Впрочем, решить, что такой мальчик может пока обойтись без школы, было нетрудно, а вот как такого мальчика мог «выгнать» директор школы, оставалось тайной. Должна добавить, что, находясь почти постоянно в обществе учеников – а я старалась их надолго не оставлять, – я не смогла пройти по каким-либо следам далеко. Мы жили в ореоле музыки, любви, успехов и любительских спектаклей. Музыкальный слух у обоих детей был отличный, но старший особенно отличался способностью схватывать и повторять. Пианино в классной комнате служило орудием против любых мрачных фантазий; а когда это не получалось, были еще посиделки в разных уголках, когда они по очереди, в самом веселом настроении, выбегали, чтобы «войти» обратно в новом образе. У меня самой были братья, и для меня не тайна, что маленьким девочкам бывает присуще рабское преклонение перед маленькими мальчиками. Но вот нашелся же в мире мальчик, способный так трепетно относиться к существу другого пола, меньшему по возрасту и уму! Дети были необыкновенно дружны, и сказать, что они никогда не ссорились, не ябедничали – значит воздать лишь сухую хвалу их милоте. Правда, порой, более сухим взглядом, я замечала следы каких-то недоразумений между ними: тогда один из них старался привлечь мое внимание, а другой куда-то прятался. В любой дипломатии, я полагаю, есть своя наивная сторона; но если мои ученики и злоупотребляли моей добротой, то проявляли минимальную грубость. Затем, после недолгого затишья, грубость проявилась в совсем ином аспекте.

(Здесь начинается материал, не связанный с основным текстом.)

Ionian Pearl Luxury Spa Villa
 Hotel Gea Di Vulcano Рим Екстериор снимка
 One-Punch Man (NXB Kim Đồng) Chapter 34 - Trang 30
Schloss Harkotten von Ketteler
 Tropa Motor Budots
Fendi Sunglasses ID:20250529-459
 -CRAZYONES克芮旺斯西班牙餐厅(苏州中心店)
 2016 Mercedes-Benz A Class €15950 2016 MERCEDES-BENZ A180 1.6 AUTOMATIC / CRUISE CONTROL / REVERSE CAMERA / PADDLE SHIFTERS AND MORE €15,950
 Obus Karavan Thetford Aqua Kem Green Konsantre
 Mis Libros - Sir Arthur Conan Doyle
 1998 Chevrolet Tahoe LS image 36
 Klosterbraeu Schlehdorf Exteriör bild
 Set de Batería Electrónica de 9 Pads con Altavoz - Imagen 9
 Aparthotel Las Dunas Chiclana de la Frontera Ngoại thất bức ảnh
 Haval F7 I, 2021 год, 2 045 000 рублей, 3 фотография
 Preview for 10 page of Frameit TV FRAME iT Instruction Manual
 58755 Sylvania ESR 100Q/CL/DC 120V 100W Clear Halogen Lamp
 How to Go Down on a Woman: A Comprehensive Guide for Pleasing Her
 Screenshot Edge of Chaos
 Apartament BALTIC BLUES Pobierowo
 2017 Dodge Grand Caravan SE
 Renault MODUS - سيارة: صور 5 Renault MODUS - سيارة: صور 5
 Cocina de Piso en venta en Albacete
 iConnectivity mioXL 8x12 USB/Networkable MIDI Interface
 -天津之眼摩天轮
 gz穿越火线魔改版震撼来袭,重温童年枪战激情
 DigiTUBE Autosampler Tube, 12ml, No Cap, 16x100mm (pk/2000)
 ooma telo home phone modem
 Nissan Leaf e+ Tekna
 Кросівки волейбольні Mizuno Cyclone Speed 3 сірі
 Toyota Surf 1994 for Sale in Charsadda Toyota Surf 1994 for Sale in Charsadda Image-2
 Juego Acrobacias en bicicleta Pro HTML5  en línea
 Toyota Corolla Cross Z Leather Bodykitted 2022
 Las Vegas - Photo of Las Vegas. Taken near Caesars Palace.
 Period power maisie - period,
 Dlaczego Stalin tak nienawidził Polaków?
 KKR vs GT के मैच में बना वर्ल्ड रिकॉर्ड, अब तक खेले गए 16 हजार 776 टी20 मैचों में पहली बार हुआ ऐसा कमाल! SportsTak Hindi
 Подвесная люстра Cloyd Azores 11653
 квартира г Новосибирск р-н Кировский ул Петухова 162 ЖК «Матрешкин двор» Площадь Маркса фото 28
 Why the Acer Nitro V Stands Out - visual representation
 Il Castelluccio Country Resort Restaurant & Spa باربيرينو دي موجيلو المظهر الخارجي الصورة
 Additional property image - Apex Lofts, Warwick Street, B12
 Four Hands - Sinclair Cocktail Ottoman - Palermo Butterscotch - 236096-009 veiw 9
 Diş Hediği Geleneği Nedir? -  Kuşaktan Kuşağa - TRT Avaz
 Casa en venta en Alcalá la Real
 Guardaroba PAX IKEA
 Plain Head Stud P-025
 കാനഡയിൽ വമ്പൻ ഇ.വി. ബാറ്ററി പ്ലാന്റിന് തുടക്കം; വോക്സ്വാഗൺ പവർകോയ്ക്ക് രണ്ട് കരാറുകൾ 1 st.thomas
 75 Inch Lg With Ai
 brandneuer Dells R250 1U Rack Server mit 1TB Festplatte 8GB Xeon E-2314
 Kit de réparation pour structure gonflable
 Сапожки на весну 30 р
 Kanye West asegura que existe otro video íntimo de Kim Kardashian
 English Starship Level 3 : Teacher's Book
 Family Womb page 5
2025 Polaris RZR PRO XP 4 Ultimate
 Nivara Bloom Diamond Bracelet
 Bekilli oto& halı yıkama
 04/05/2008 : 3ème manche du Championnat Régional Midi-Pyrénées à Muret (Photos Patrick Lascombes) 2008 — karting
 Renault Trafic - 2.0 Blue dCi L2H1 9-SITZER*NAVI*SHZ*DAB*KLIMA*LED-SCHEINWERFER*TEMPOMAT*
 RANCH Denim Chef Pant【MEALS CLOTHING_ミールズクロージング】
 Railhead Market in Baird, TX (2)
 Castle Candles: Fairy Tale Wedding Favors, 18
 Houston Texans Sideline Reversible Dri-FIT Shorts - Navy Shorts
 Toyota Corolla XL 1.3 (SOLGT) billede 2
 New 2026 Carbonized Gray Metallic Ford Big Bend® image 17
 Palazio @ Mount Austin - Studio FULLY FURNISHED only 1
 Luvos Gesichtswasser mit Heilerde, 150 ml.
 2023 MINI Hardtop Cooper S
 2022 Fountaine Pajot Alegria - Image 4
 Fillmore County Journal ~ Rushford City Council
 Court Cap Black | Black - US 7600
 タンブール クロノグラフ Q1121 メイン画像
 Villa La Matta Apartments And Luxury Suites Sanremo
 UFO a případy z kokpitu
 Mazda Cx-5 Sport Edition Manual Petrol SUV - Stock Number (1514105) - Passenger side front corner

Вижу, что сильно затягиваю повествование; но я должна сделать рывок. Продолжая рассказ о мерзостях Блая, я не только бросаю вызов самому великодушному доверию – это меня мало беспокоит, – но, что гораздо хуже, воскрешаю пережитые страдания; придется мне снова пройти тот путь до конца.

Час, после которого, как я теперь вижу, покой сменился сплошными мучениями, настал внезапно; но я уже дошла до середины, и пройти к выходу самым прямым путем можно лишь двигаясь вперед. Однажды вечером, без каких-либо примет или предвестий, я ощутила то же холодное дуновение, что и в ночь моего приезда; но тогда оно было более легким и, как я уже упоминала, не осталось бы, вероятно, в памяти, если бы не волнения следующих дней. Я еще не легла, читала при паре свечей. В Блае была целая комната, набитая старыми книгами, романами, в том числе прошлого века; были там сочинения с определенно подпорченной репутацией, но отнюдь не редкие экземпляры, свезенные в этот заброшенный дом, и я, с неудержимым любопытством молодости, увлеклась ими.